In short, the jury is still out on what “searches and seizures” means with regards to social media. But what about the “unreasonable” part of the Fourth Amendment? That too has its complications.

In a 2012 Congressional Research Service report (pdf), attorney Richard M. Thompson II explains how our changing view of privacy and technology affects the Fourth Amendment. He’s writing here about domestic drone surveillance, but it applies equally to social media, Google Glass, or any other technology that becomes ingrained into modern life.

“The touchstone of the Fourth Amendment is reasonableness,” writes Thompson. “A reviewing court’s determination of the reasonableness of a drone search would likely be informed by … society’s conception of privacy in an age of rapid technological advancement.”

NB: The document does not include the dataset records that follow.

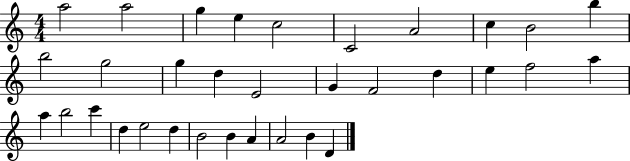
A5/h A5/h G5/q E5/q C5/h C4/h A4/h C5/q B4/h B5/q B5/h G5/h G5/q D5/q E4/h G4/q F4/h D5/q E5/q F5/h A5/q A5/q B5/h C6/q D5/q E5/h D5/q B4/h B4/q A4/q A4/h B4/q D4/q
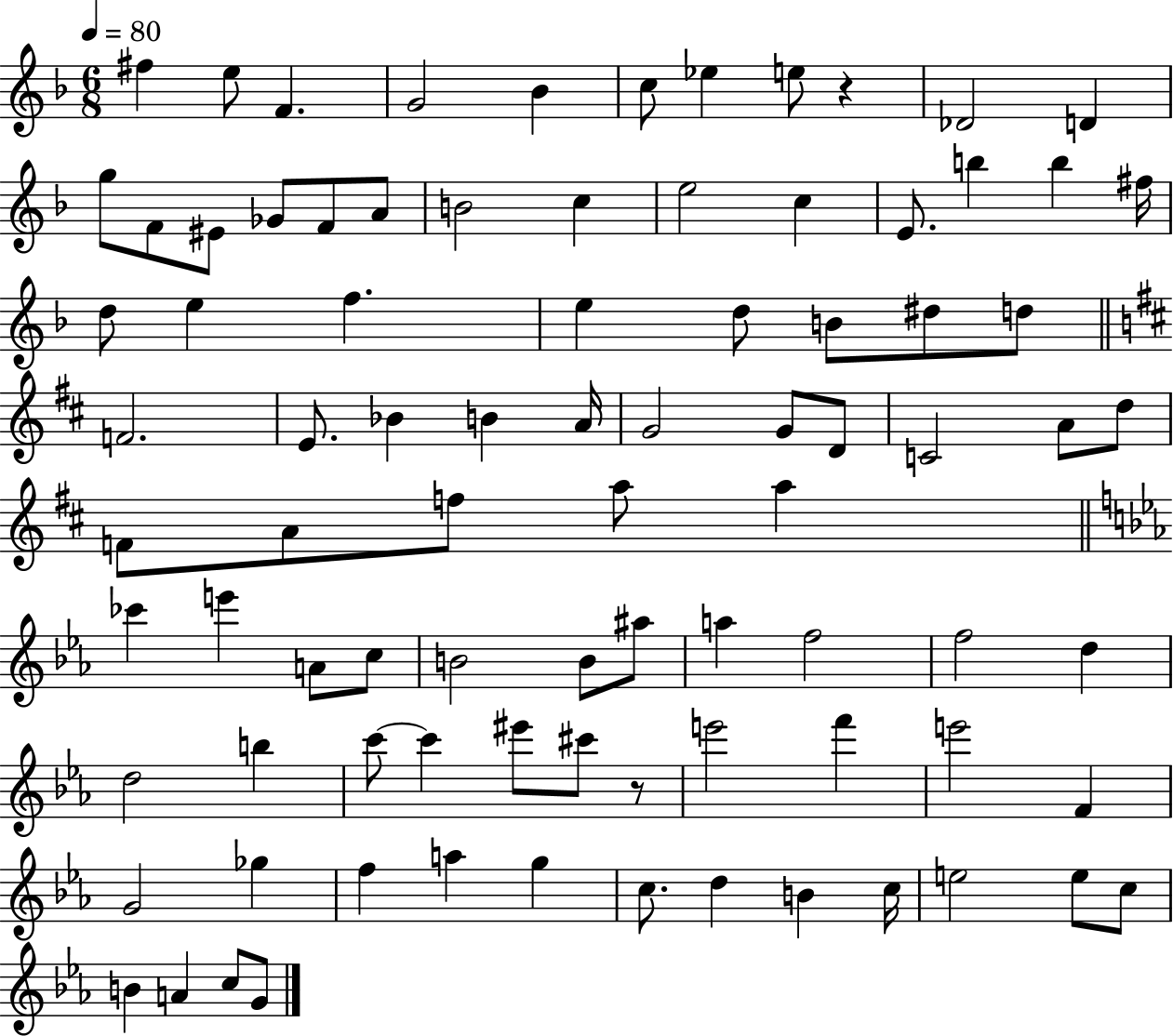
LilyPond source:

{
  \clef treble
  \numericTimeSignature
  \time 6/8
  \key f \major
  \tempo 4 = 80
  \repeat volta 2 { fis''4 e''8 f'4. | g'2 bes'4 | c''8 ees''4 e''8 r4 | des'2 d'4 | \break g''8 f'8 eis'8 ges'8 f'8 a'8 | b'2 c''4 | e''2 c''4 | e'8. b''4 b''4 fis''16 | \break d''8 e''4 f''4. | e''4 d''8 b'8 dis''8 d''8 | \bar "||" \break \key d \major f'2. | e'8. bes'4 b'4 a'16 | g'2 g'8 d'8 | c'2 a'8 d''8 | \break f'8 a'8 f''8 a''8 a''4 | \bar "||" \break \key ees \major ces'''4 e'''4 a'8 c''8 | b'2 b'8 ais''8 | a''4 f''2 | f''2 d''4 | \break d''2 b''4 | c'''8~~ c'''4 eis'''8 cis'''8 r8 | e'''2 f'''4 | e'''2 f'4 | \break g'2 ges''4 | f''4 a''4 g''4 | c''8. d''4 b'4 c''16 | e''2 e''8 c''8 | \break b'4 a'4 c''8 g'8 | } \bar "|."
}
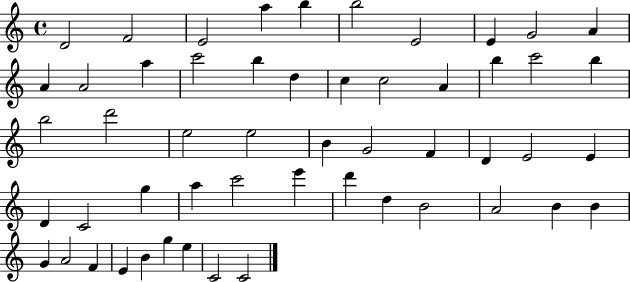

It is our rapidly evolving “conception of privacy in an age of rapid technological advancement” that makes interpreting the Fourth Amendment infinitely more difficult. We collectively share an unprecedented amount about our lives on the public Web; we even know instinctively that government agencies like the NSA have access to what we do online – a fact that, even alone, muddles what kind of privacy we truly expect. And yet, we continue to fret over Facebook privacy settings and Instagram terms of service. We install AdBlock Plus and sign up for VPNs. We strive for privacy, for control of our data, but expect none of it. This disconnect between our hopes and cynicism helps create the perfect wiggle room for “legal” dragnet surveillance.

The dangers inherent in our changing expectations of privacy are “something I bring up a lot to explain why being vigilant about privacy is important,” says Sarah Downey, an attorney and privacy analyst for anti-tracking software company Abine.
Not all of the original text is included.